_What is needed_:
Starting at the line containing "Artificial Prelit Christmas" and ending at the line containing "Рюкзак жен натуральная", transcribe the listing below exactly. Keep both end lines, skip the pictures, and copy nothing else.

_Materials provided_:
------------------------------
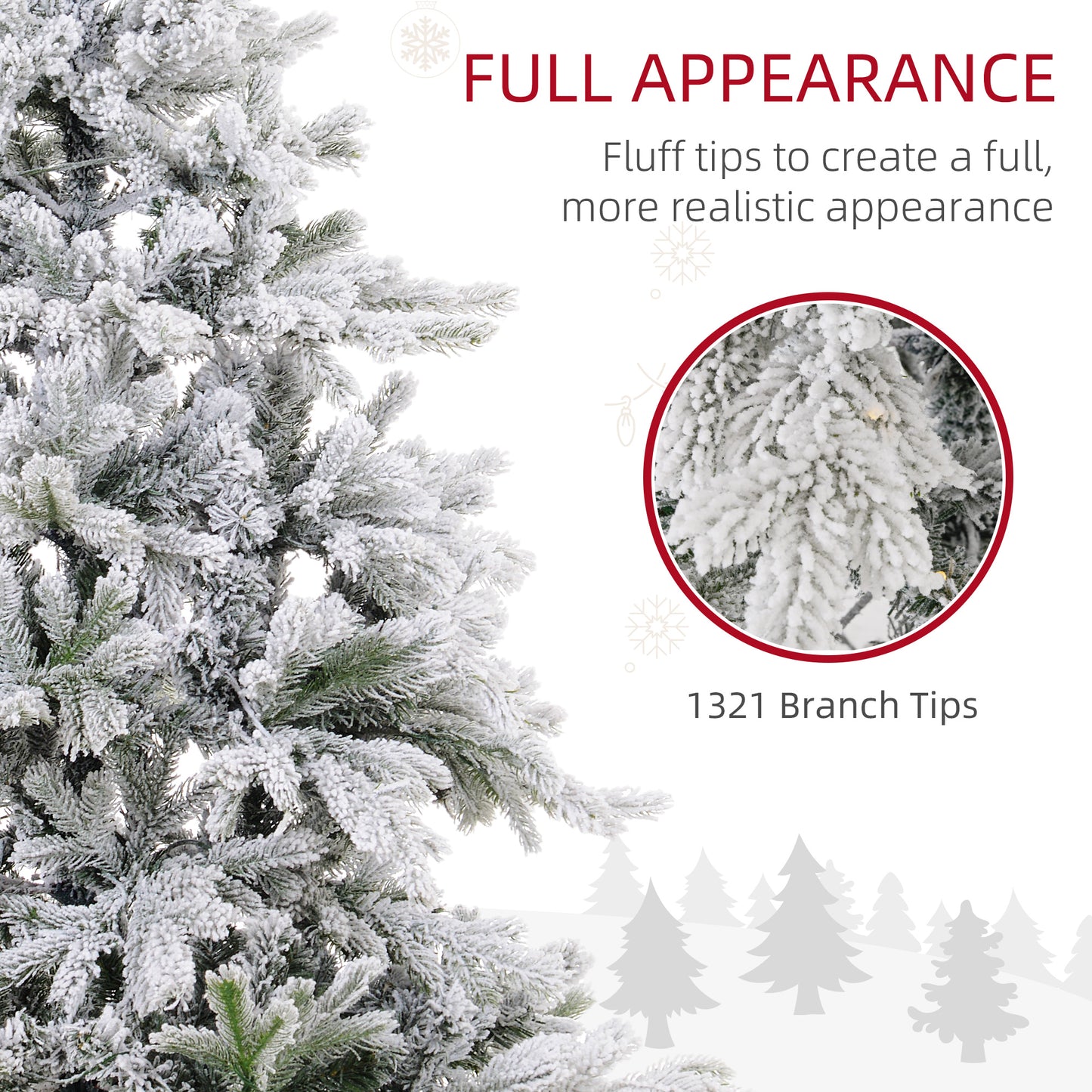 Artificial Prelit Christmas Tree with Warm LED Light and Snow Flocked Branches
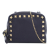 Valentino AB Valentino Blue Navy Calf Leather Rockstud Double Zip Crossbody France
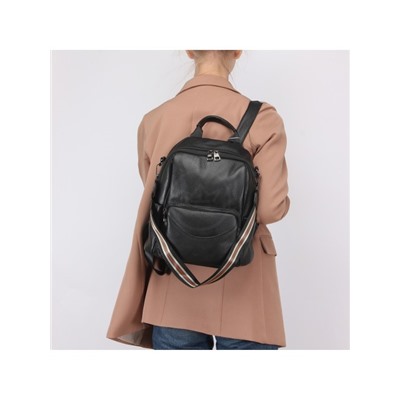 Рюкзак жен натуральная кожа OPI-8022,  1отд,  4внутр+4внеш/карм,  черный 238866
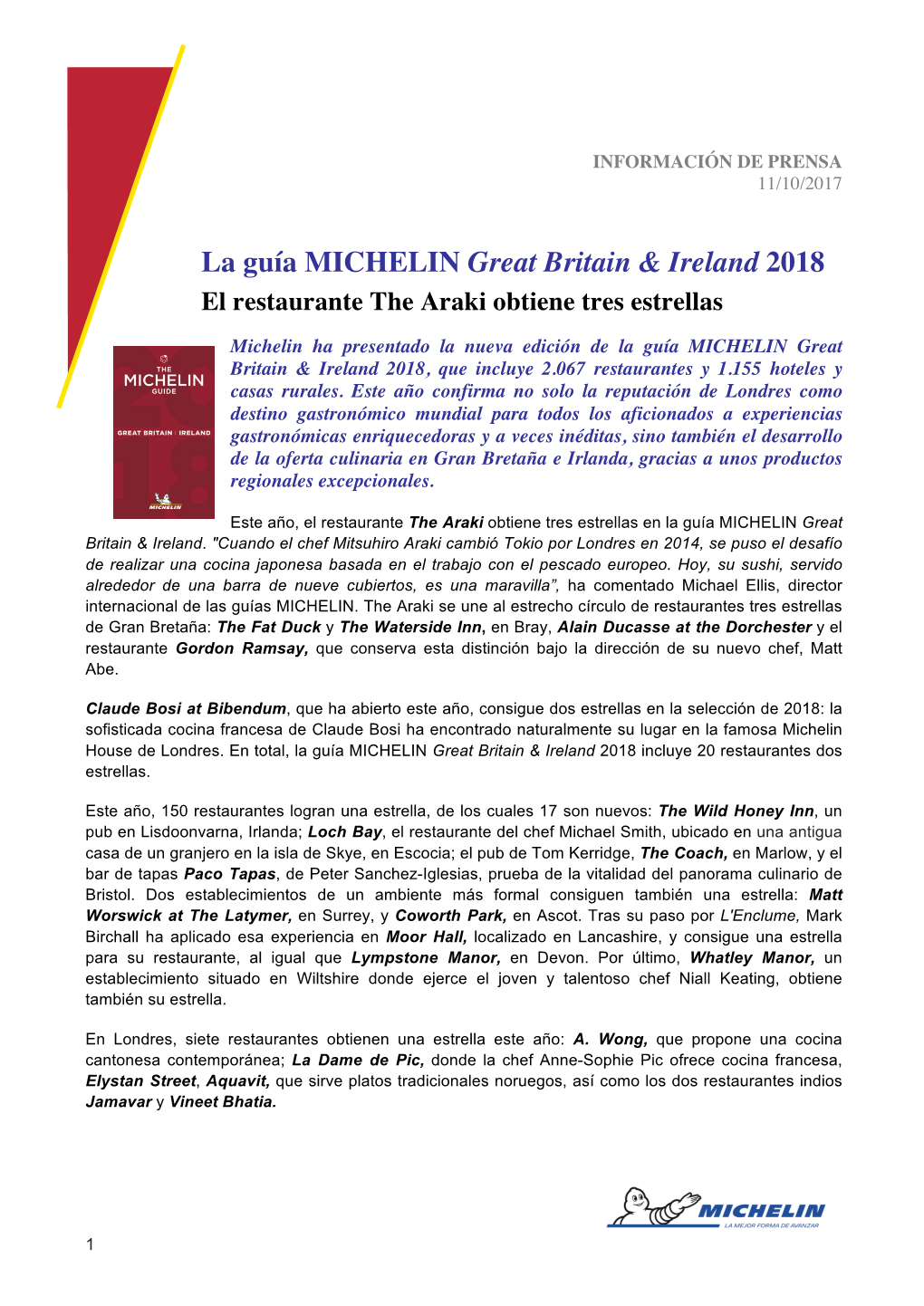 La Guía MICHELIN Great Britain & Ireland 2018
------------------------------
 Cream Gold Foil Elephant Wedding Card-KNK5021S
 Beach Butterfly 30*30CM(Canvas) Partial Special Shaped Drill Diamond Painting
------------------------------
_Answer to the exercise_:
 Artificial Prelit Christmas Tree with Warm LED Light and Snow Flocked Branches
 Valentino AB Valentino Blue Navy Calf Leather Rockstud Double Zip Crossbody France
 Рюкзак жен натуральная кожа OPI-8022,  1отд,  4внутр+4внеш/карм,  черный 238866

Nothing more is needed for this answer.